» **Problem requirements**: Show all lines of the entries in which the word "claras" is found.

*** Records for this task ***

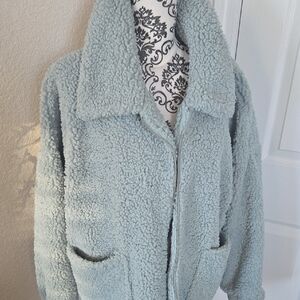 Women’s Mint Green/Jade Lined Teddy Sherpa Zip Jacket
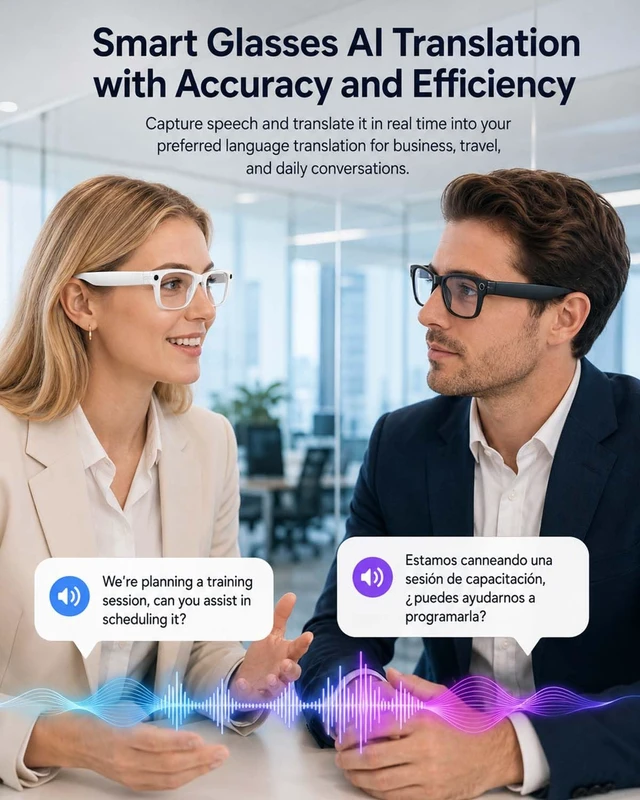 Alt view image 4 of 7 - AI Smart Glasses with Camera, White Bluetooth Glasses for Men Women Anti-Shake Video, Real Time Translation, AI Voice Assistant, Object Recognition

*** End of Records for this task ***
*** Records for this task ***

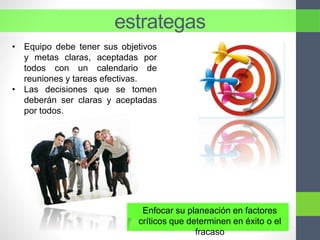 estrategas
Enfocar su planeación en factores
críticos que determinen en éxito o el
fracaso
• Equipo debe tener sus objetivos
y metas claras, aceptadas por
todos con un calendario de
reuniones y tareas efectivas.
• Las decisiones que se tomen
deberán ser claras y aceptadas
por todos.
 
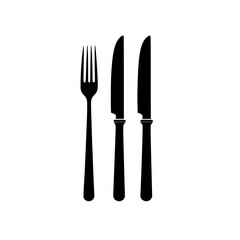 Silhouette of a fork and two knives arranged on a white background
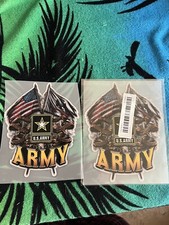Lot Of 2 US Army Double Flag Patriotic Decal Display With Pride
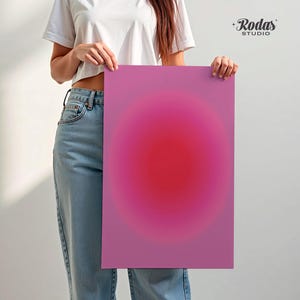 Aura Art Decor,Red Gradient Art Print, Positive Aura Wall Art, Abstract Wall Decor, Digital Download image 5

*** End of Records for this task ***
*** Records for this task ***

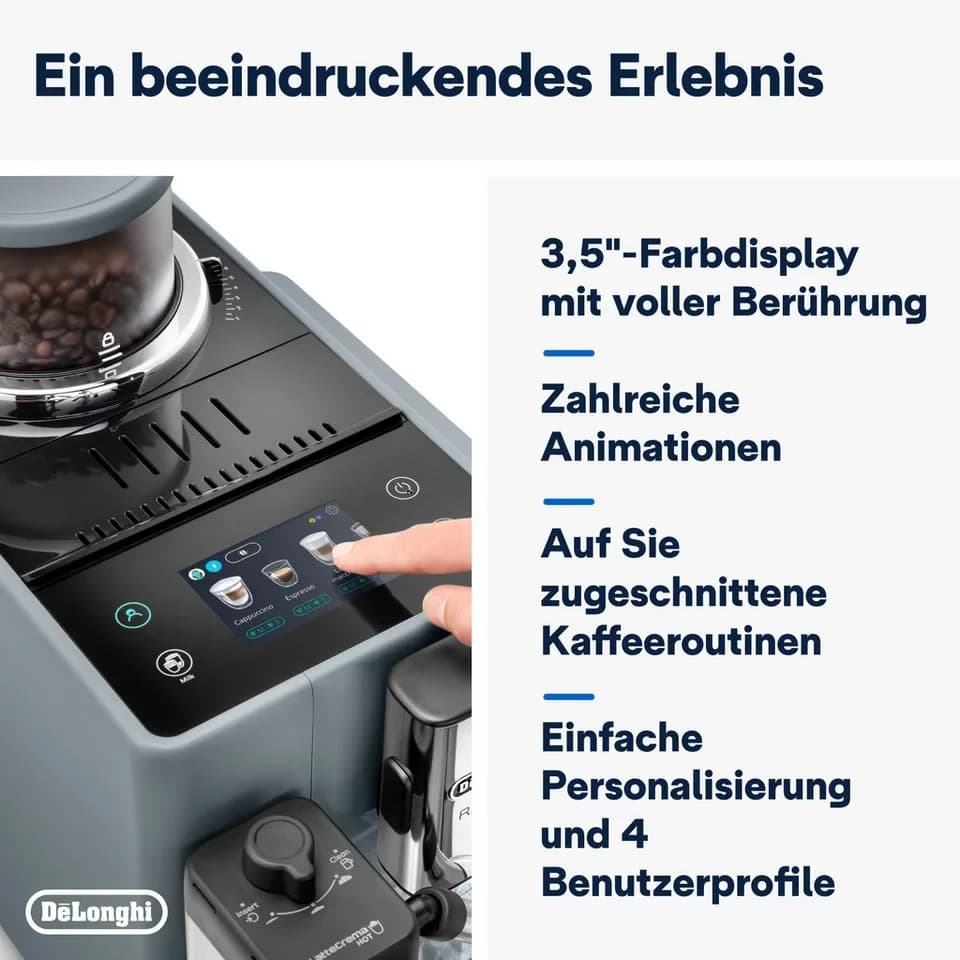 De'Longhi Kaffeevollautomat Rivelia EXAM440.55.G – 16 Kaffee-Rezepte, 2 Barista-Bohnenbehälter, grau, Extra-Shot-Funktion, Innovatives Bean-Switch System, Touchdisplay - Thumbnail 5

*** End of Records for this task ***

» **Result for this task**:
y metas claras, aceptadas por
deberán ser claras y aceptadas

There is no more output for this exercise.